When the perf record used -g, then -g can be used in perf report to show the breakdown. By default it groups the functions, including the functions it calls, as below.

perf report -i mysql-5.7.28-event_run2_warmup_run1.g.perf

In MySQL, as expected, most significant CPU load is in the threads. Most of the time this is a user connection, under the handle_connection function, which parses and executes the SQL. In different situations you might see innodb background threads, or replication threads: understanding which thread is causing the load is important at a top level. Then, to continue analysis, use the perf report –no-children option. This will show approximately the same as the non-g recording, however it will provide the mechanism of being able to hit Enter on a function to show all the call stacks that go to that particular function.

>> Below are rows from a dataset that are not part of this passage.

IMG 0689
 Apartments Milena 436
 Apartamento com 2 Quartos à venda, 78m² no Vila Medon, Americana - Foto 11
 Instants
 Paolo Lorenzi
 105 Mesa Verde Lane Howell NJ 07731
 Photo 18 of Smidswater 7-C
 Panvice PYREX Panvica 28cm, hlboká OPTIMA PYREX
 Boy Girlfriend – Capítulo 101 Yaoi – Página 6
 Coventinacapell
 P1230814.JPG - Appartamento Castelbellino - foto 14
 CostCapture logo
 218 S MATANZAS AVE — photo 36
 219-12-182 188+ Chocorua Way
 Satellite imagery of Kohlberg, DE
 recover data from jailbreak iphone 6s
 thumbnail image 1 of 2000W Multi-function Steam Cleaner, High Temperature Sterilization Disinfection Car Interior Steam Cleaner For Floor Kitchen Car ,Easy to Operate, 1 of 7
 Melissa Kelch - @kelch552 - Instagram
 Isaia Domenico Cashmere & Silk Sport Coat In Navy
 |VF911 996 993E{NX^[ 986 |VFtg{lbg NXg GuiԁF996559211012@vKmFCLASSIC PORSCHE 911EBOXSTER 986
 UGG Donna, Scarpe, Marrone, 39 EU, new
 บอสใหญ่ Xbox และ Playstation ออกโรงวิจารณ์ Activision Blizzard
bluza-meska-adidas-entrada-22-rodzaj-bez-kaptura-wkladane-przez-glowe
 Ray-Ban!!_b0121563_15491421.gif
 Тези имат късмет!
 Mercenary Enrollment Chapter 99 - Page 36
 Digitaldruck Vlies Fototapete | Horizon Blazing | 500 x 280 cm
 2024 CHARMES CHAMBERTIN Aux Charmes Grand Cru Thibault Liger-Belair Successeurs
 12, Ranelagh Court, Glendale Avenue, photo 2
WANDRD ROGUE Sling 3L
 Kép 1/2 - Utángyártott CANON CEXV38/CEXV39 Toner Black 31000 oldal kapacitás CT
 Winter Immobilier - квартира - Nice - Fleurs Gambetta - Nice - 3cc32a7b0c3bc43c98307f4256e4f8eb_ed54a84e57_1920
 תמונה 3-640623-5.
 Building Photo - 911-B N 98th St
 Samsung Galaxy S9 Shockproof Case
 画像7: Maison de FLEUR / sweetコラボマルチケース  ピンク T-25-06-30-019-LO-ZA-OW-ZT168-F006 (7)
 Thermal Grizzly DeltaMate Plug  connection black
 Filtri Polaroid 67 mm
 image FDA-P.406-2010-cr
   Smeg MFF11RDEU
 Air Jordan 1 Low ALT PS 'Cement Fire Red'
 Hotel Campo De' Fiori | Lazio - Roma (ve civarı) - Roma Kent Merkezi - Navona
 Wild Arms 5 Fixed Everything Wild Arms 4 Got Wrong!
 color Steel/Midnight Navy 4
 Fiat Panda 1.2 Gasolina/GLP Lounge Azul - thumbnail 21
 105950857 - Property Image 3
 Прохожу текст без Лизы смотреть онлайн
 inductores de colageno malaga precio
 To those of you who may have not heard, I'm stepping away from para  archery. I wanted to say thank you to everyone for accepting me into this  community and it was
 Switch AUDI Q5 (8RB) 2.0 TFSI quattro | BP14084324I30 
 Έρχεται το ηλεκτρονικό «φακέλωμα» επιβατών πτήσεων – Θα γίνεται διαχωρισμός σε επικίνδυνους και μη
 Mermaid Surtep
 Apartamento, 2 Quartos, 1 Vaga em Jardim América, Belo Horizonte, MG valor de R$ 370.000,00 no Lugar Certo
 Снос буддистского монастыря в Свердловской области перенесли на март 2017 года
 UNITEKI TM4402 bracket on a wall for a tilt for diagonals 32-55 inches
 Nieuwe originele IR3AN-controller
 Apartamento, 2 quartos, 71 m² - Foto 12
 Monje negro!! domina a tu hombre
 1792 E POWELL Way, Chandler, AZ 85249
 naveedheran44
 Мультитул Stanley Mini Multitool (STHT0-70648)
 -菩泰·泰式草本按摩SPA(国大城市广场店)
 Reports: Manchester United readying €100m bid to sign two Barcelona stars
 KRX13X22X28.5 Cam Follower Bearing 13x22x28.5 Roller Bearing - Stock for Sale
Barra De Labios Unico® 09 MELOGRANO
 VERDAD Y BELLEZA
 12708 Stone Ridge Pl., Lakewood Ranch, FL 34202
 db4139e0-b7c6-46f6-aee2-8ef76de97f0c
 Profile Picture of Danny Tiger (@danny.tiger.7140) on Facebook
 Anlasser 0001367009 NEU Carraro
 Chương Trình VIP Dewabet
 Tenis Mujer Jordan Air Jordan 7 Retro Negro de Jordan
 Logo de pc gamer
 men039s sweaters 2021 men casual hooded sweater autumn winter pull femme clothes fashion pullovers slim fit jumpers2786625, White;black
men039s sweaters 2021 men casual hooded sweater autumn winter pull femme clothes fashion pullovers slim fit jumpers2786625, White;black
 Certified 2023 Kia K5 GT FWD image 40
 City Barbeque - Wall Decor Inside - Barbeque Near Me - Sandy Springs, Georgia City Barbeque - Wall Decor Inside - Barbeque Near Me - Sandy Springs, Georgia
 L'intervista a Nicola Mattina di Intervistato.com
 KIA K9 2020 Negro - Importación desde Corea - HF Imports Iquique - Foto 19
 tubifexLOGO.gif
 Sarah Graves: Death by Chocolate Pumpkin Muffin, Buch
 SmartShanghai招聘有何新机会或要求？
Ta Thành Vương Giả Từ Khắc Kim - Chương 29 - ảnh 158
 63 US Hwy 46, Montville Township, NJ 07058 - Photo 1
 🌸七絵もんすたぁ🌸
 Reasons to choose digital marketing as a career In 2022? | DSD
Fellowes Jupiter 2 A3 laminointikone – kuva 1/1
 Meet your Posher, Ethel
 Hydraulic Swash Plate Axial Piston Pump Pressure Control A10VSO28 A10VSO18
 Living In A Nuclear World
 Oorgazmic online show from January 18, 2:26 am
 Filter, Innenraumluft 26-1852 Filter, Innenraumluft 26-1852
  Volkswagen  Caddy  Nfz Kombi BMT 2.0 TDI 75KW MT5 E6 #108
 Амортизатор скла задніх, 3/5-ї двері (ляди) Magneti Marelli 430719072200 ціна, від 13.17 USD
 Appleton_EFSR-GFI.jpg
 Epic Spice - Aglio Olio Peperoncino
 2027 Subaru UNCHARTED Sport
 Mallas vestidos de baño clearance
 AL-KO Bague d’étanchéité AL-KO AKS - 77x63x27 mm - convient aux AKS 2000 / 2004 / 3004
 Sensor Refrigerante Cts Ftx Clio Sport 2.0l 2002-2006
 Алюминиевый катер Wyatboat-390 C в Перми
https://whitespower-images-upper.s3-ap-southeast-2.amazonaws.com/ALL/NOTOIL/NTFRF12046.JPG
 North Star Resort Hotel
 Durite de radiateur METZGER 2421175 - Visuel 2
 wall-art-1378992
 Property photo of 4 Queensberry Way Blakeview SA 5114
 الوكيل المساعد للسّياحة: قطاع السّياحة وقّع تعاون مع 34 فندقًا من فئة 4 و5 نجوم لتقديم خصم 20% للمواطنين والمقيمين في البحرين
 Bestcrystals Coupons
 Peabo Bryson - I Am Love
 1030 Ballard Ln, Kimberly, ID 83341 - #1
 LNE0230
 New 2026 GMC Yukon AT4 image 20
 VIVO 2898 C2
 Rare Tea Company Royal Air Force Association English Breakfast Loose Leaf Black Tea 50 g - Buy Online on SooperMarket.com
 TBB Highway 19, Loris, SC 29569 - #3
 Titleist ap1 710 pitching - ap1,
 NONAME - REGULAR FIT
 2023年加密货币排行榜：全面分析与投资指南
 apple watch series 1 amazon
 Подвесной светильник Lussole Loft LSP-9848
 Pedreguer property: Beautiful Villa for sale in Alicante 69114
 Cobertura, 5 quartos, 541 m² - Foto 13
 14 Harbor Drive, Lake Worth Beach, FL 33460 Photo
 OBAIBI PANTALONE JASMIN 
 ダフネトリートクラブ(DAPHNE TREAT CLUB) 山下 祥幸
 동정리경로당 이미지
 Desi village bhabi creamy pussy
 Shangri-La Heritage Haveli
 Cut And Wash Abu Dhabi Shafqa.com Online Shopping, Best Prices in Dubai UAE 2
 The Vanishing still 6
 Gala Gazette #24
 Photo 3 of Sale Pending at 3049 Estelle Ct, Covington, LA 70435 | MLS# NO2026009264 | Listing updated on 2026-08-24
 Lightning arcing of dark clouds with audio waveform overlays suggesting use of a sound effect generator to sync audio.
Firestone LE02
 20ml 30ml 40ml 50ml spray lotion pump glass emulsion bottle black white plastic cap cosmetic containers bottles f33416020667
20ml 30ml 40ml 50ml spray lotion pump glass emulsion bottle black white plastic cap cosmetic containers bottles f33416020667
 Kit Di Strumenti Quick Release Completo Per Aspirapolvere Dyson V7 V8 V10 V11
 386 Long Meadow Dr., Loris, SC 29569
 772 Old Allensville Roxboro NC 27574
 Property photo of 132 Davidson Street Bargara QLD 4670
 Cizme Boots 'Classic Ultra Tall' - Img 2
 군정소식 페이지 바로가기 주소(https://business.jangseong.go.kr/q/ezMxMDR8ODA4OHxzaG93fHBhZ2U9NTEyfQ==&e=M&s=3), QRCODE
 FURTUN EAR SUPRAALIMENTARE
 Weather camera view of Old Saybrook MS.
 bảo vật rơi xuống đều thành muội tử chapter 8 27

perf report -g --no-children --input mysql-5.7.28-event_run2_warmup_run1.g.perf

This shows a common call stack into handle_query, where the JOIN::exec and st_select_lex::optimize is the diverging point. If the evaluate_join_record and other sub-functions were to be expanded, the bottom level of the call graph would show rec_get_offsets_func.

Disassembly (annotation)

In the ncurses interfaces. Selecting ‘a’ (annotate) on a particular function calls out to the objdump (binutils) disassembler to show where in this function the highest frequency occurred and maps this to a commented C++ code above it.

As compilers have significant understanding of the architecture, and given that the C/C++ language provides significant freedom in generating code, it’s sometimes quite difficult to parse from assembly back to the C/C++ source. In complex operations, C++ variables don’t have an easy translation to CPU registers. Inlined functions are also particularly hard as each inlining can further be optimized to a unique assembly depending on its location. To understand the assembly, I recommend focusing on the loads, stores, maths/conditions with constants and branches to see which register maps to which part of the MySQL server code in the context of the surrounding code.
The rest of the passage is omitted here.